(Work request) Repeat the listing below word for word, minus the pictures.

(Exercise data)
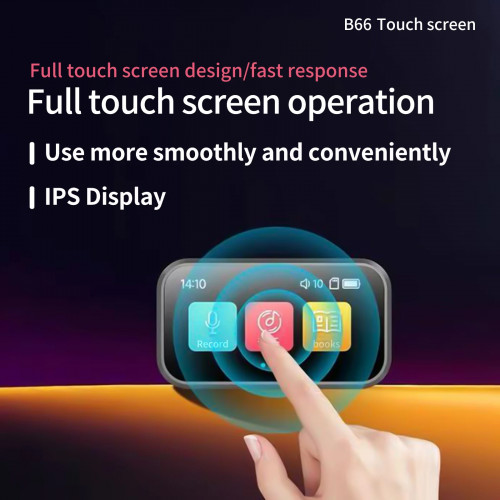 8G-128GB Touch Screen Mini Bluetooth MP3 Player +Clip HIFI Music Player E-book FM Radio Audio Voice Recorder Sports Walkman MP4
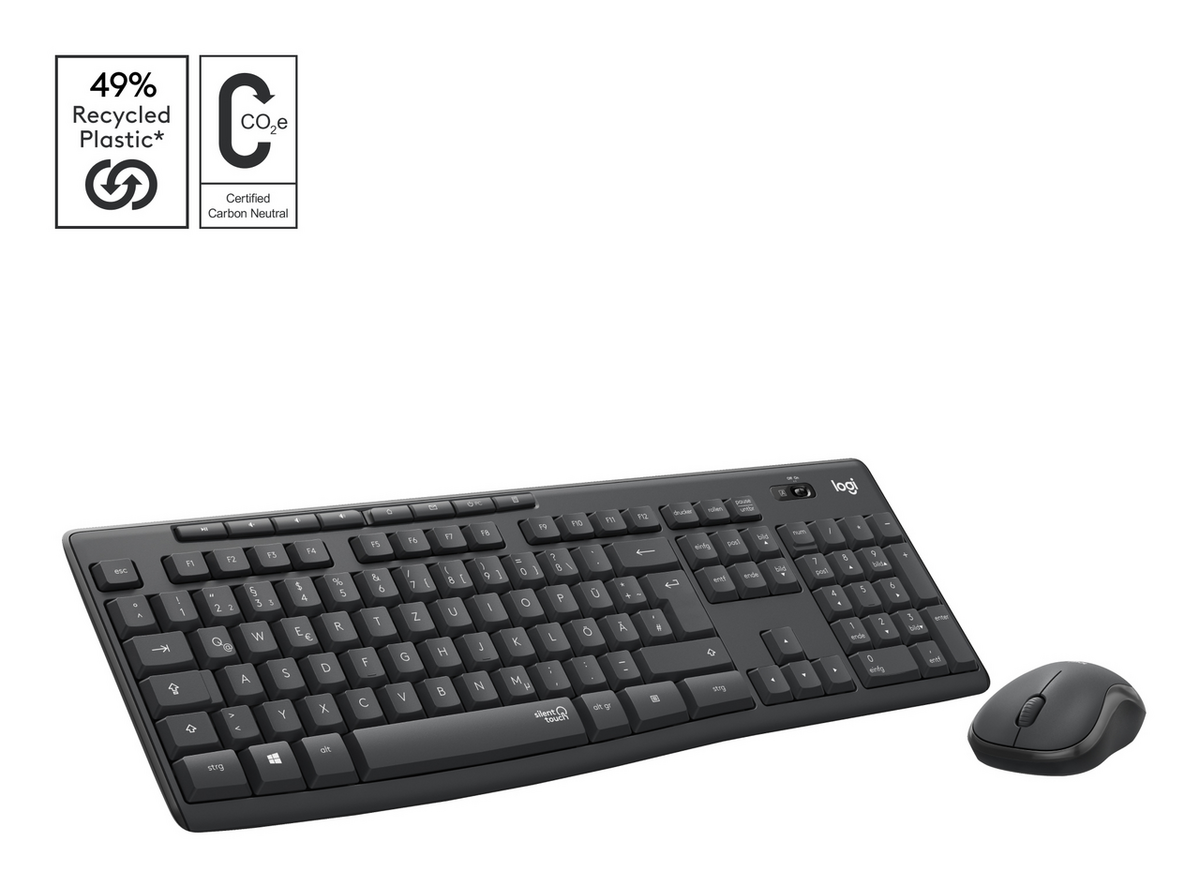 Combo (Tastierë & Maus) Logitech MK295 Silent – Grafit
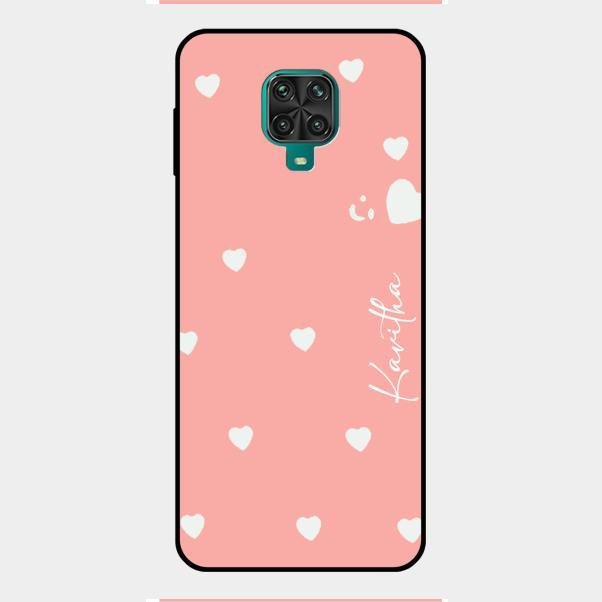 Be Loved Customized Glass Case Cover Peach For Redmi Note 9 Pro Max
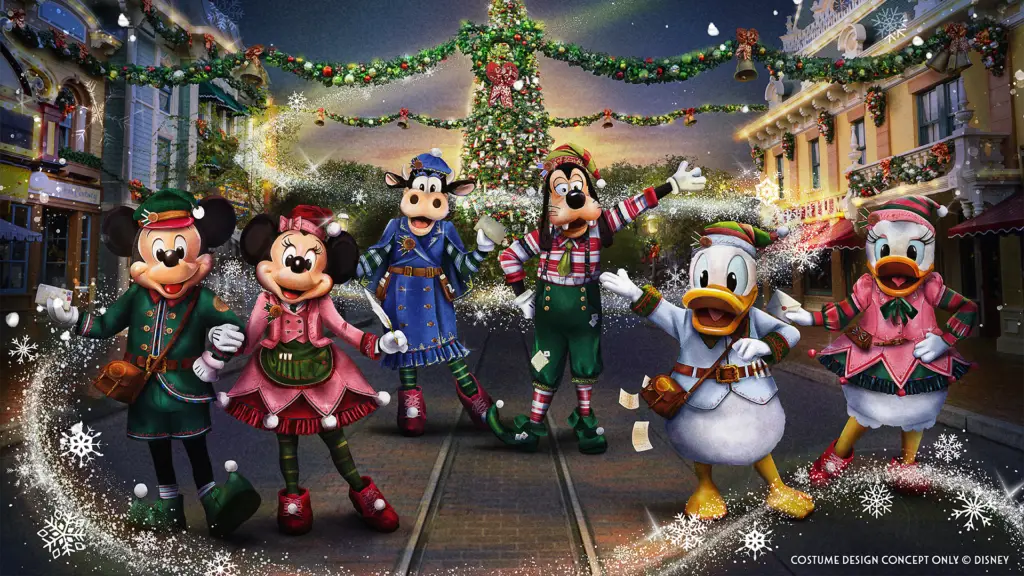 2024 Holiday Season at the Disneyland Resort Arrives in November - New Character Costumes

(Finished exercise)
 8G-128GB Touch Screen Mini Bluetooth MP3 Player +Clip HIFI Music Player E-book FM Radio Audio Voice Recorder Sports Walkman MP4
 Combo (Tastierë & Maus) Logitech MK295 Silent – Grafit
 Be Loved Customized Glass Case Cover Peach For Redmi Note 9 Pro Max
 2024 Holiday Season at the Disneyland Resort Arrives in November - New Character Costumes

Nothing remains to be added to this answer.